DATA FOR THE TASK below:

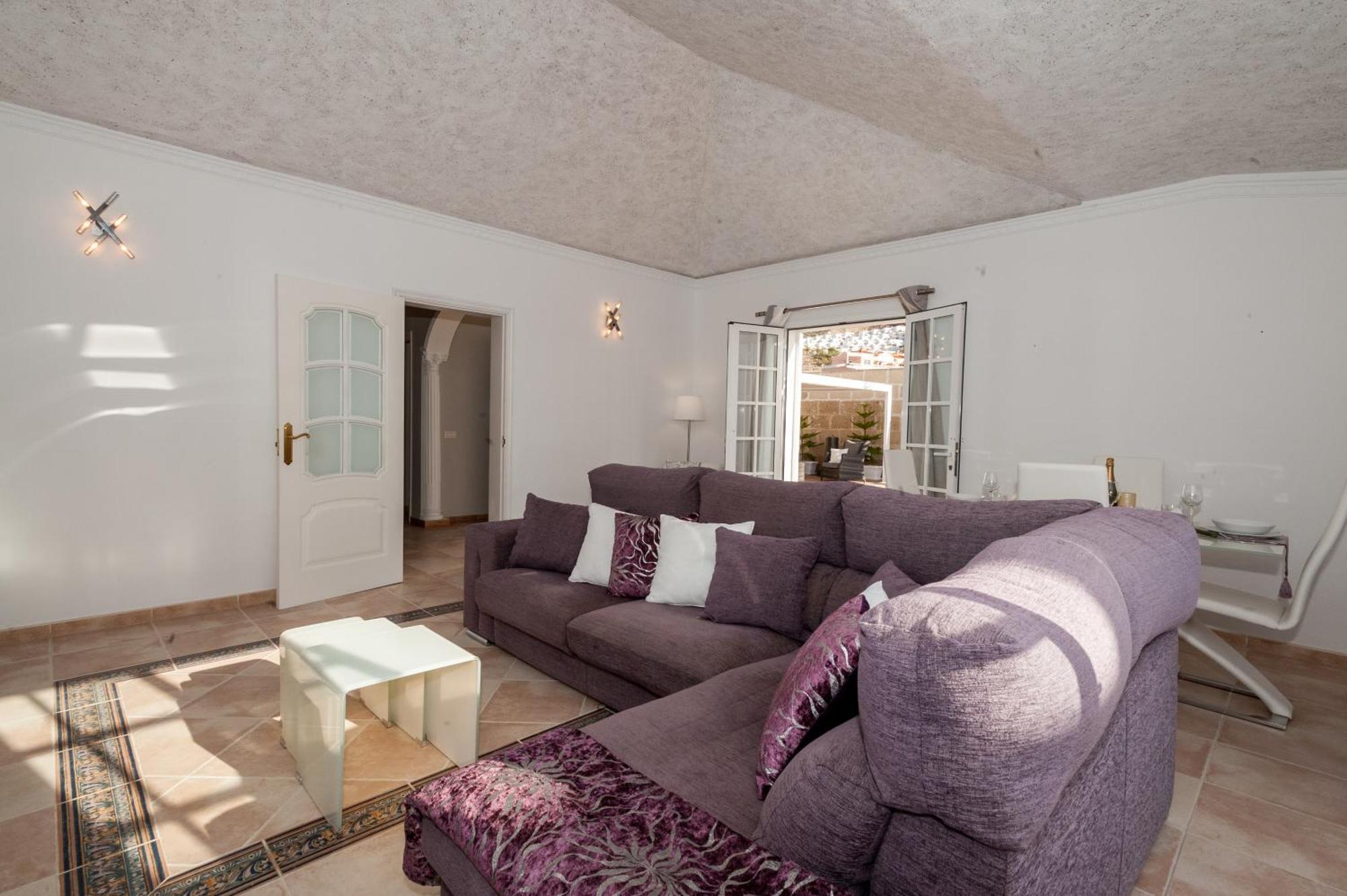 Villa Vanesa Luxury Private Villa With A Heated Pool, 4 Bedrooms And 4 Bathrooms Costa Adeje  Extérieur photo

End of DATA FOR THE TASK.
DATA FOR THE TASK below:

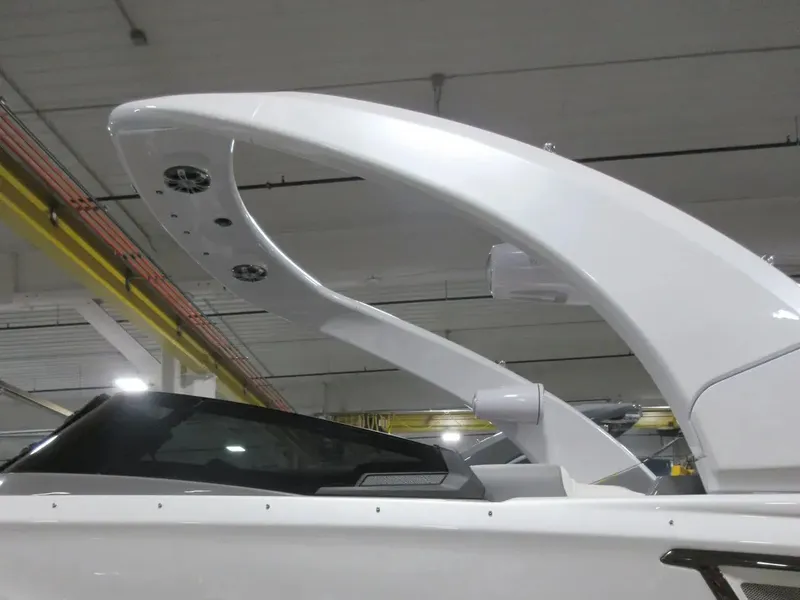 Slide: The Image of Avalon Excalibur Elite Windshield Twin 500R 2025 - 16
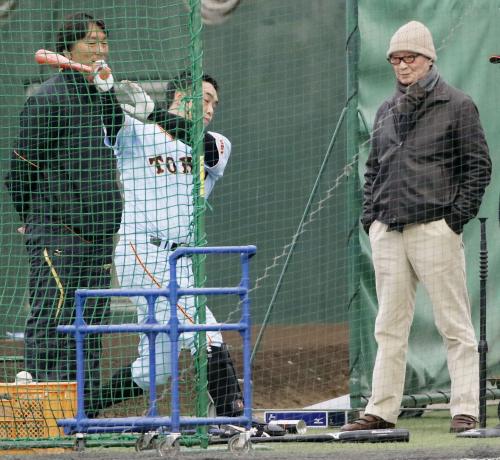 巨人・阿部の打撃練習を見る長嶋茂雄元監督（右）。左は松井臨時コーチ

End of DATA FOR THE TASK.

• [WHAT THE TASK REQUIRES]:
Could you repeat, exactly, only the lines above starting at the one that has "Slide: The Image" and stopping after the one that has "巨人・阿部の打撃練習を見る長嶋茂雄元監督（右）。左は松井臨時コーチ", without the pictures?

• [ANSWER]:
 Slide: The Image of Avalon Excalibur Elite Windshield Twin 500R 2025 - 16
 巨人・阿部の打撃練習を見る長嶋茂雄元監督（右）。左は松井臨時コーチ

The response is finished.